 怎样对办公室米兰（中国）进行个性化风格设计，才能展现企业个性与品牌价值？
§
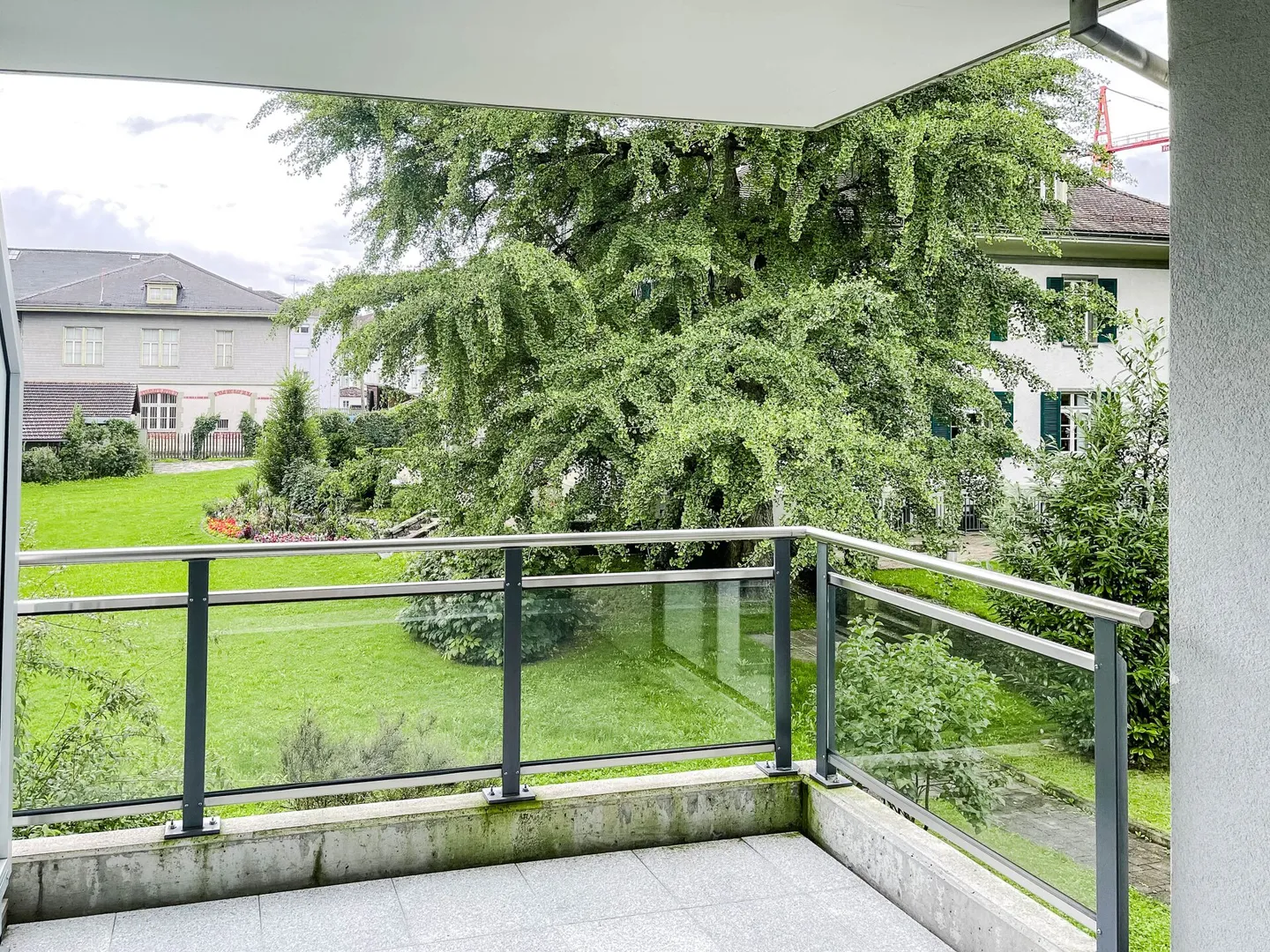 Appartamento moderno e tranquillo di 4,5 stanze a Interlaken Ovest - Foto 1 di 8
§
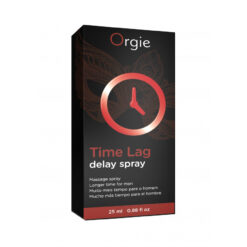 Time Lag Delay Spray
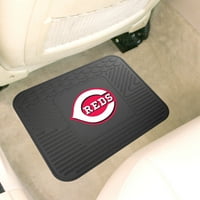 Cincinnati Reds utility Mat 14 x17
§
_YOUR TASK_
Above are records with pictures. Reproduce exactly only the lines from the line with "Time Lag Delay Spray" through the line with "Cincinnati Reds utility Mat 14 x17", both ends included, and leave the pictures out.

_TASK ANSWER_
 Time Lag Delay Spray
 Cincinnati Reds utility Mat 14 x17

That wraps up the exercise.